Amirah had long ago coached Gault in what to say when it came to matters of the faith, and Gault was as good a student as he was an actor. After his second meeting with the Fighter—and after Gault had privately noticed the subtle signs indicating how thoroughly his luggage was being searched every time he came here—he’d started packing a worn copy of a French edition of Introduction to Islam: Understand the Pathway to the True Faith, a book written by a European who had gone on to become a significant and very outspoken voice in Islamic politics. Gault and Amirah spent hours with the book, underlining key passages, making sure important pages were dog-eared, and ensuring that the bookmark was never in the same place twice. El Mujahid had never openly spoken of what he believed to be Gault’s process of conversion, but each time they met the big man was warmer to him, treating him like family now, where once he had kept him at arm’s length.
“I’ll be finished in time for the next phase of the program,” the Fighter said. “I hope you have no worries about that.”
“Not at all. If I can’t trust you who can I trust?” They both smiled at that. “All of the transportation steps are locked down,” Gault added. “You’ll be in America by the second of July… the third at the very latest.”
“That cuts it close.”
Gault shook his head. “The timetable leaves less time for random events to interfere.
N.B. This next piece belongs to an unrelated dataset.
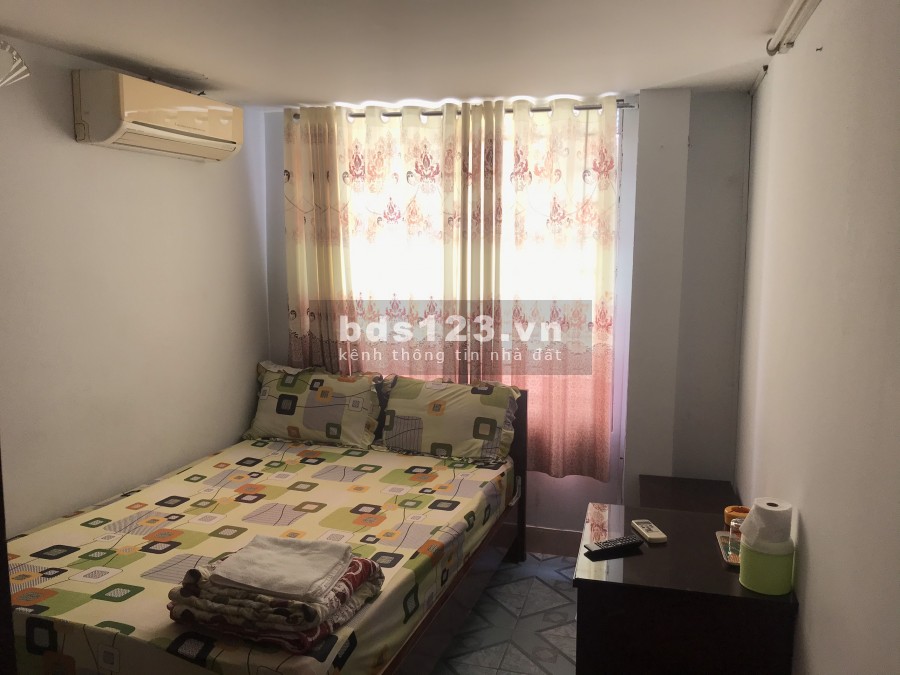 Cho thuê nhà nguyên căn MT đường Trần Phú, Quận 5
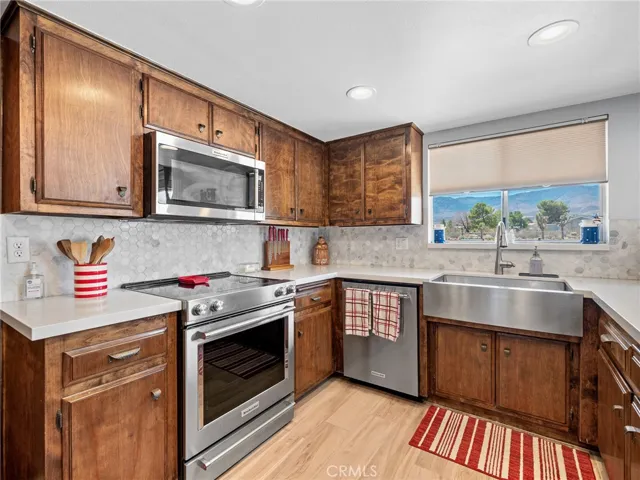 31175 Sherwood Street, Lucerne Valley, California 92356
Trust me on this, my friend. This is something I do very well.”
El Mujahid considered for a moment, then nodded. “Well… I have to go. A sword rusts in its sheath.”
“And an unfired arrow becomes brittle with disuse,” Gault said, completing the ancient aphorism.
They stood and embraced, and Gault suffered through the big man’s enthusiastic hugs and backslapping. The man was a foul-smelling oaf and as strong as a bear.
They swapped a few pleasantries and the Fighter strode out of the tent. Gault waited until he heard the growl of El Mujahid’s truck. He got up and stood in the tent’s opening and watched the Fighter and the last of his team disappear in swirls of brown dust and diesel exhaust as they crested a hill and dropped down the other side.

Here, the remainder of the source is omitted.